Léonard de Vinci dormait 20 minutes toutes les 4 heures... mais les génies ont tout de même besoin de sommeil<!-- --> | Atlantico.fr
Atlantico, c'est qui, c'est quoi ?
Newsletter
Décryptages
Pépites
Dossiers
Rendez-vous
Atlantico-Light
Vidéos
Podcasts
Santé
Léonard de Vinci dormait 20 minutes toutes les 4 heures... mais les génies ont tout de même besoin de sommeil
©Reuters

Bonnes feuilles

Dans son "Dictionnaire des idées reçues", Gustave Flaubert écrivait : "Hoquet : Pour le guérir, une clef dans le dos ou une peur." Plus de cent ans après, la littérature scientifique médicale confirme : la peur est bien un moyen de faire passer le hoquet. Mais combien de ces idées communes ont un fondement scientifique ? Démêler le vrai du faux : tel est l’objectif de Jacques Belghiti, professeur de médecine, et Annette Vezin, journaliste et curieuse professionnelle, dans un livre qui met à l’épreuve des données de la recherche plus de 200 idées reçues. Extrait de "Tant qu'on a la santé" de Jacques Belghiti et Annette Vezin, aux éditions Fayard (2/2)

Annette Vezin

Annette Vezin

 Annette Vezin est journaliste.

Voir la bio »
Jacques Belghiti

Jacques Belghiti

Jacques Belghiti, professeur de chirurgie digestive à l’Université Paris Diderot est aujourd’hui membre du collège de la Haute Autorité de santé. 

Voir la bio »

Dormir

Les grands génies n’ont pas besoin de sommeil : faux

Leonard de Vinci dormait 20 minutes toutes les 4 heures, Mozart ne se couchait jamais avant 1 heure du matin et dormait 5 heures par nuit, Voltaire, 4 heures, en buvant 40 tasses de café par jour… Mais Ludwig Van Beethoven, Georges Simenon et Victor Hugo tenaient à leurs 8 heures chaque nuit. Qu’en conclure ? Il ne suffit pas d’avoir des insomnies pour faire œuvre créatrice. Mais moins dormir parce qu’on travaille à son œuvre et que son corps ne demande pas davantage de sommeil, c’est une autre affaire. Certaines recherches montrent que le pic de créativité se situerait juste au réveil. Dormir peu ou beaucoup, pour créer ou être génial, cela n’aurait pas d’importance, à condition de se précipiter pour travailler au réveil. À chacun son réveil, à chacun son génie.

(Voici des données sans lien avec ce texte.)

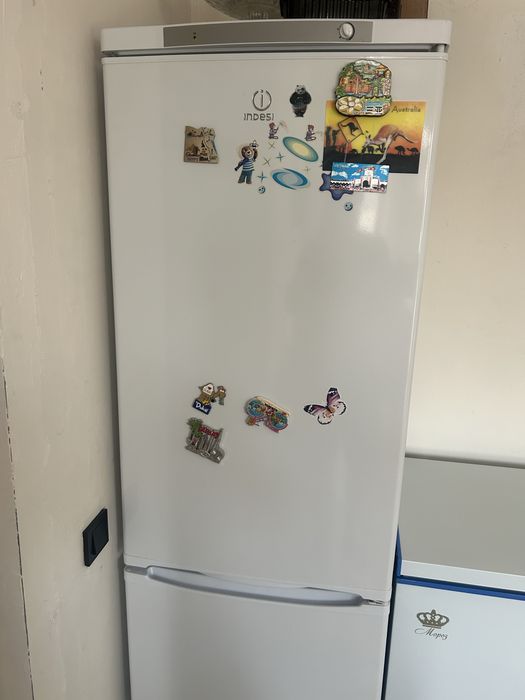 Продам холодильник Indesit в хорошем состояний в каскелене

Réveiller un somnambule est dangereux : faux

« Un romancier est souvent un somnambule, constatait Patrick Modiano dans son discours de réception du prix Nobel, tant il est pénétré par ce qu’il doit écrire, et l’on peut craindre qu’il se fasse écraser quand il traverse une rue. Mais l’on oublie cette extrême précision des somnambules qui marchent sur les toits sans jamais tomber. » En réalité, peu de somnambules marchent sur les toits. Pas plus qu’ils ne tuent, se suicident, font l’amour, se gavent nuitamment dans le réfrigérateur ou envoient des mails assassins, même si tous ces actes ont bien été répertoriés dans les gazettes. 15 à 40 % des enfants, entre sept et douze ans ont eu un épisode de somnambulisme, mais seulement 1 à 6 % font plusieurs accès par mois et sont donc réellement somnambules. Dans la plupart des cas (60 à 80 %), c’est aussi une affaire de famille. Les crises de somnambulisme surviennent durant les phases de sommeil profond après l’endormissement. L’enfant se lève, déambule quelques minutes dans un état dit « d’éveil dissocié » (qui n’est ni sommeil, ni éveil) et le plus souvent se rendort facilement. Il peut ouvrir une porte ou une fenêtre et se mettre en danger. Les somnambules peuvent agir mais ne sont pas conscients de leur action et ne s’en souviennent pas une fois réveillés. Faut-il ou non les réveiller ? Parce que leur réaction peut parfois être violente, tant il est difficile pour certains de passer brusquement de la phase de sommeil à celle du réveil, on a pu penser que non. Mais en cas de mise en danger pour eux­mêmes, il ne faut pas hésiter.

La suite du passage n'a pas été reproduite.